((
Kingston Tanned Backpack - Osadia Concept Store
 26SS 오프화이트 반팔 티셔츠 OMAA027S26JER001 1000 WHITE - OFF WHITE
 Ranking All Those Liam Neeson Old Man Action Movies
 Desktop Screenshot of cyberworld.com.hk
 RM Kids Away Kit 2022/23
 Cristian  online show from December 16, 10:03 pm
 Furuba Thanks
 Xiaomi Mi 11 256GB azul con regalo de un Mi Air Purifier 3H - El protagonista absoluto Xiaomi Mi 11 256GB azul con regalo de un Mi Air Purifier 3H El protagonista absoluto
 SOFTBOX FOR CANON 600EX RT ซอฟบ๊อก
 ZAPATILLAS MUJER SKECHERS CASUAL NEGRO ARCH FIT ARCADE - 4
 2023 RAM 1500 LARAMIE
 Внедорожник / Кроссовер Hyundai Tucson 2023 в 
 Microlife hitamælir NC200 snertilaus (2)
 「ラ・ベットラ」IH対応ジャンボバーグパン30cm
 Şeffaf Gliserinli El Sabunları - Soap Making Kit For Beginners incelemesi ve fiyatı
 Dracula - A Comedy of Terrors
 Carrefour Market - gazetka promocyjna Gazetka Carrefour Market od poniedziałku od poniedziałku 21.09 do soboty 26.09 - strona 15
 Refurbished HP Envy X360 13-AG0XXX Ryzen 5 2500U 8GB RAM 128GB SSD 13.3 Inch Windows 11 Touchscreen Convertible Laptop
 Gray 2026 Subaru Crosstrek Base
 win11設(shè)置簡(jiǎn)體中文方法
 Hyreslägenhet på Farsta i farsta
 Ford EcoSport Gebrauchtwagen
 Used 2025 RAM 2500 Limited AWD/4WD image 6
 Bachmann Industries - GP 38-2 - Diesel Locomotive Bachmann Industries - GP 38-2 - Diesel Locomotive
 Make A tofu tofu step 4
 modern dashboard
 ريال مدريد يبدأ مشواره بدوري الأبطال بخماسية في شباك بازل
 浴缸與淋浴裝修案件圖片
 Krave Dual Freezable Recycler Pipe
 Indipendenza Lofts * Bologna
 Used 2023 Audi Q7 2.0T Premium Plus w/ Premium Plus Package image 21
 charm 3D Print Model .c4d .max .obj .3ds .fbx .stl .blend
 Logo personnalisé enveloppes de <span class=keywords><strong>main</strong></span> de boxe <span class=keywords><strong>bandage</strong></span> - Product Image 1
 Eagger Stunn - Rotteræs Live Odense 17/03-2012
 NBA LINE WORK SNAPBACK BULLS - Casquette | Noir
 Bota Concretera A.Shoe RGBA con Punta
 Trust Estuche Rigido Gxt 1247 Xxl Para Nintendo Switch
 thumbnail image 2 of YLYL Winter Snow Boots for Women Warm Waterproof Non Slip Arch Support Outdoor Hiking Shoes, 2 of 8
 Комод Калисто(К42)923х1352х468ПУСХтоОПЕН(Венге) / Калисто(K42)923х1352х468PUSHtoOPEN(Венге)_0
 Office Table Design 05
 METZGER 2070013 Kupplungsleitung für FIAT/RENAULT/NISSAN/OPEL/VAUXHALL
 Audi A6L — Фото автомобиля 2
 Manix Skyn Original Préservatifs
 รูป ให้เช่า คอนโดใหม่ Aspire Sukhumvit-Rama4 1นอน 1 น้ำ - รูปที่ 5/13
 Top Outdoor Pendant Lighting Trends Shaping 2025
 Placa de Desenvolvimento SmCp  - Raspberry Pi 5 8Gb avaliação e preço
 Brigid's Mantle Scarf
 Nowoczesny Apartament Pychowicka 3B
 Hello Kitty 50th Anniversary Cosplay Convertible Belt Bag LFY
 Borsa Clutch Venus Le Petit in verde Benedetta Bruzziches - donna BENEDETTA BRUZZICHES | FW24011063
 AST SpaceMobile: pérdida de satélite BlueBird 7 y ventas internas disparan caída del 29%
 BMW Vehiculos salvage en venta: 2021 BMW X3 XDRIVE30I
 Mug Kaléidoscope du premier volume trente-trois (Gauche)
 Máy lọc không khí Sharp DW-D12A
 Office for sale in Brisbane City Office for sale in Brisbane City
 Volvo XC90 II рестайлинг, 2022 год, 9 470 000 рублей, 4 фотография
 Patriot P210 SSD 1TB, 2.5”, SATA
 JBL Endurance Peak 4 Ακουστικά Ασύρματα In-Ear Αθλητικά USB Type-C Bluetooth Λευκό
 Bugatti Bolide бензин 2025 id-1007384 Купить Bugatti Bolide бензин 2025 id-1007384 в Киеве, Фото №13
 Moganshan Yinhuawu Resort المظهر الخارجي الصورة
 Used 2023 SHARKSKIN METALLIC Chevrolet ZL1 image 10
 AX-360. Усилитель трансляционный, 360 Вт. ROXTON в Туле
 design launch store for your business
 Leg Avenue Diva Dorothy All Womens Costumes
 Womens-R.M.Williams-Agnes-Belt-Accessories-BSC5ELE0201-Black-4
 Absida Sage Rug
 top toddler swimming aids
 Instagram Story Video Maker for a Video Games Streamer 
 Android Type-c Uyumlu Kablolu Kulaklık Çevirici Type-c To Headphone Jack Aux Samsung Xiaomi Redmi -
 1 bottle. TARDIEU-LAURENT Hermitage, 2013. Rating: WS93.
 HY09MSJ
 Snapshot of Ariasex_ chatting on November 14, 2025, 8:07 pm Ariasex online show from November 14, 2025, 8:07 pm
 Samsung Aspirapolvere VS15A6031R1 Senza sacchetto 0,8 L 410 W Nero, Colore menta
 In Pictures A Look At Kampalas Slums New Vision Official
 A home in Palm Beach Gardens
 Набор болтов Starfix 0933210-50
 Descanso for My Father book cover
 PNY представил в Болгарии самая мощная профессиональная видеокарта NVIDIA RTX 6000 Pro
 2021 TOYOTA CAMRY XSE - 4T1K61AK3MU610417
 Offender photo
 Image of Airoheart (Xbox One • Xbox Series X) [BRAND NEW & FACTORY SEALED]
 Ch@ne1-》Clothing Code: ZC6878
))
_Your assignment_
From the first line to the last, copy the data exactly.

_Result_
Kingston Tanned Backpack - Osadia Concept Store
 26SS 오프화이트 반팔 티셔츠 OMAA027S26JER001 1000 WHITE - OFF WHITE
 Ranking All Those Liam Neeson Old Man Action Movies
 Desktop Screenshot of cyberworld.com.hk
 RM Kids Away Kit 2022/23
 Cristian  online show from December 16, 10:03 pm
 Furuba Thanks
 Xiaomi Mi 11 256GB azul con regalo de un Mi Air Purifier 3H - El protagonista absoluto Xiaomi Mi 11 256GB azul con regalo de un Mi Air Purifier 3H El protagonista absoluto
 SOFTBOX FOR CANON 600EX RT ซอฟบ๊อก
 ZAPATILLAS MUJER SKECHERS CASUAL NEGRO ARCH FIT ARCADE - 4
 2023 RAM 1500 LARAMIE
 Внедорожник / Кроссовер Hyundai Tucson 2023 в 
 Microlife hitamælir NC200 snertilaus (2)
 「ラ・ベットラ」IH対応ジャンボバーグパン30cm
 Şeffaf Gliserinli El Sabunları - Soap Making Kit For Beginners incelemesi ve fiyatı
 Dracula - A Comedy of Terrors
 Carrefour Market - gazetka promocyjna Gazetka Carrefour Market od poniedziałku od poniedziałku 21.09 do soboty 26.09 - strona 15
 Refurbished HP Envy X360 13-AG0XXX Ryzen 5 2500U 8GB RAM 128GB SSD 13.3 Inch Windows 11 Touchscreen Convertible Laptop
 Gray 2026 Subaru Crosstrek Base
 win11設(shè)置簡(jiǎn)體中文方法
 Hyreslägenhet på Farsta i farsta
 Ford EcoSport Gebrauchtwagen
 Used 2025 RAM 2500 Limited AWD/4WD image 6
 Bachmann Industries - GP 38-2 - Diesel Locomotive Bachmann Industries - GP 38-2 - Diesel Locomotive
 Make A tofu tofu step 4
 modern dashboard
 ريال مدريد يبدأ مشواره بدوري الأبطال بخماسية في شباك بازل
 浴缸與淋浴裝修案件圖片
 Krave Dual Freezable Recycler Pipe
 Indipendenza Lofts * Bologna
 Used 2023 Audi Q7 2.0T Premium Plus w/ Premium Plus Package image 21
 charm 3D Print Model .c4d .max .obj .3ds .fbx .stl .blend
 Logo personnalisé enveloppes de <span class=keywords><strong>main</strong></span> de boxe <span class=keywords><strong>bandage</strong></span> - Product Image 1
 Eagger Stunn - Rotteræs Live Odense 17/03-2012
 NBA LINE WORK SNAPBACK BULLS - Casquette | Noir
 Bota Concretera A.Shoe RGBA con Punta
 Trust Estuche Rigido Gxt 1247 Xxl Para Nintendo Switch
 thumbnail image 2 of YLYL Winter Snow Boots for Women Warm Waterproof Non Slip Arch Support Outdoor Hiking Shoes, 2 of 8
 Комод Калисто(К42)923х1352х468ПУСХтоОПЕН(Венге) / Калисто(K42)923х1352х468PUSHtoOPEN(Венге)_0
 Office Table Design 05
 METZGER 2070013 Kupplungsleitung für FIAT/RENAULT/NISSAN/OPEL/VAUXHALL
 Audi A6L — Фото автомобиля 2
 Manix Skyn Original Préservatifs
 รูป ให้เช่า คอนโดใหม่ Aspire Sukhumvit-Rama4 1นอน 1 น้ำ - รูปที่ 5/13
 Top Outdoor Pendant Lighting Trends Shaping 2025
 Placa de Desenvolvimento SmCp  - Raspberry Pi 5 8Gb avaliação e preço
 Brigid's Mantle Scarf
 Nowoczesny Apartament Pychowicka 3B
 Hello Kitty 50th Anniversary Cosplay Convertible Belt Bag LFY
 Borsa Clutch Venus Le Petit in verde Benedetta Bruzziches - donna BENEDETTA BRUZZICHES | FW24011063
 AST SpaceMobile: pérdida de satélite BlueBird 7 y ventas internas disparan caída del 29%
 BMW Vehiculos salvage en venta: 2021 BMW X3 XDRIVE30I
 Mug Kaléidoscope du premier volume trente-trois (Gauche)
 Máy lọc không khí Sharp DW-D12A
 Office for sale in Brisbane City Office for sale in Brisbane City
 Volvo XC90 II рестайлинг, 2022 год, 9 470 000 рублей, 4 фотография
 Patriot P210 SSD 1TB, 2.5”, SATA
 JBL Endurance Peak 4 Ακουστικά Ασύρματα In-Ear Αθλητικά USB Type-C Bluetooth Λευκό
 Bugatti Bolide бензин 2025 id-1007384 Купить Bugatti Bolide бензин 2025 id-1007384 в Киеве, Фото №13
 Moganshan Yinhuawu Resort المظهر الخارجي الصورة
 Used 2023 SHARKSKIN METALLIC Chevrolet ZL1 image 10
 AX-360. Усилитель трансляционный, 360 Вт. ROXTON в Туле
 design launch store for your business
 Leg Avenue Diva Dorothy All Womens Costumes
 Womens-R.M.Williams-Agnes-Belt-Accessories-BSC5ELE0201-Black-4
 Absida Sage Rug
 top toddler swimming aids
 Instagram Story Video Maker for a Video Games Streamer 
 Android Type-c Uyumlu Kablolu Kulaklık Çevirici Type-c To Headphone Jack Aux Samsung Xiaomi Redmi -
 1 bottle. TARDIEU-LAURENT Hermitage, 2013. Rating: WS93.
 HY09MSJ
 Snapshot of Ariasex_ chatting on November 14, 2025, 8:07 pm Ariasex online show from November 14, 2025, 8:07 pm
 Samsung Aspirapolvere VS15A6031R1 Senza sacchetto 0,8 L 410 W Nero, Colore menta
 In Pictures A Look At Kampalas Slums New Vision Official
 A home in Palm Beach Gardens
 Набор болтов Starfix 0933210-50
 Descanso for My Father book cover
 PNY представил в Болгарии самая мощная профессиональная видеокарта NVIDIA RTX 6000 Pro
 2021 TOYOTA CAMRY XSE - 4T1K61AK3MU610417
 Offender photo
 Image of Airoheart (Xbox One • Xbox Series X) [BRAND NEW & FACTORY SEALED]
 Ch@ne1-》Clothing Code: ZC6878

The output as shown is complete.